> **EXERCISE DATA**:
+ + + + +

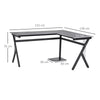 L-Shaped Corner Computer Desk Laptop Workstation PC Table Home Office With CPU S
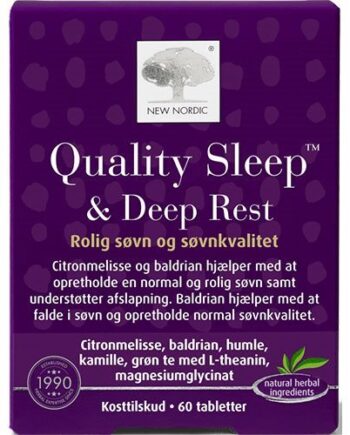 Quality Sleep Deep Rest 60 Tabletter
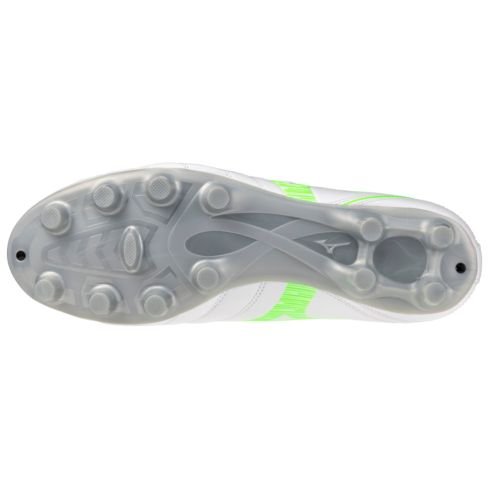 Chaussures Rugby Monarcida Neo III Select Crampons Moulés Terrain Sec Vert/Blanc - Mizuno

+ + + + +

> **AIM OF THE EXERCISE**: Word for word, give the data above again, without any images.

> **SOLUTION BELOW**:
 L-Shaped Corner Computer Desk Laptop Workstation PC Table Home Office With CPU S
 Quality Sleep Deep Rest 60 Tabletter
 Chaussures Rugby Monarcida Neo III Select Crampons Moulés Terrain Sec Vert/Blanc - Mizuno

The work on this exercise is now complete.